§ Material for this exercise
================================

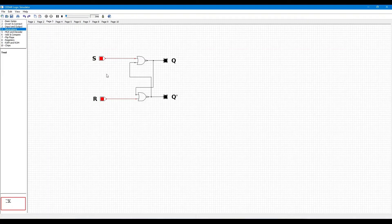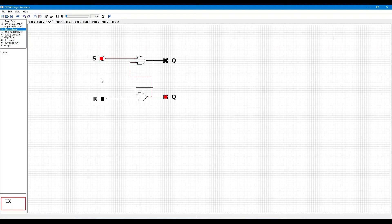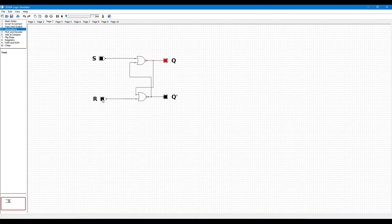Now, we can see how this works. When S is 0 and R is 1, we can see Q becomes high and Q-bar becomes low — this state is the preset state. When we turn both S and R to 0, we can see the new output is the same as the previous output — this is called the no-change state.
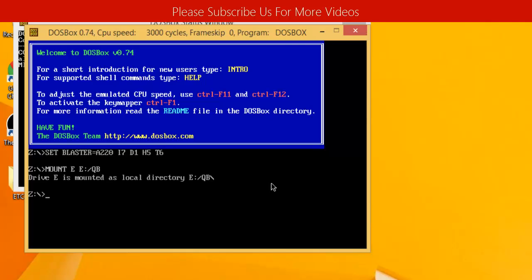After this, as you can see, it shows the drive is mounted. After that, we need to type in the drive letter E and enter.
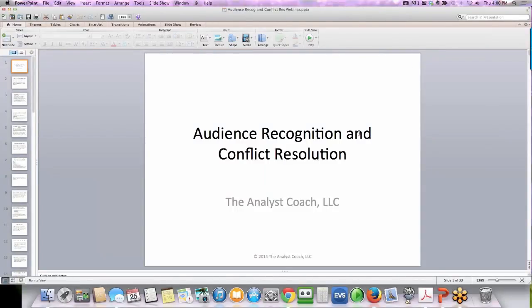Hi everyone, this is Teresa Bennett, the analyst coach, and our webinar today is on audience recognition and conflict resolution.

================================

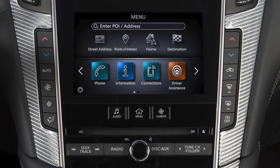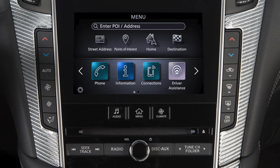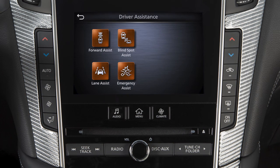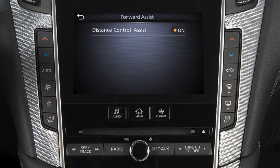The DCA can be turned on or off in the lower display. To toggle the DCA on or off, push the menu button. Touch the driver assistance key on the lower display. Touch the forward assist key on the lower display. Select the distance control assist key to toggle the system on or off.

================================

§ Task requirements
In the listing above, find the line containing "Now, we can" and the line containing "Hi everyone, this", then print exactly those two lines and every line between them, minus the pictures.

§ Your response
Now, we can see how this works. When S is 0 and R is 1, we can see Q becomes high and Q-bar becomes low — this state is the preset state. When we turn both S and R to 0, we can see the new output is the same as the previous output — this is called the no-change state.
After this, as you can see, it shows the drive is mounted. After that, we need to type in the drive letter E and enter.
Hi everyone, this is Teresa Bennett, the analyst coach, and our webinar today is on audience recognition and conflict resolution.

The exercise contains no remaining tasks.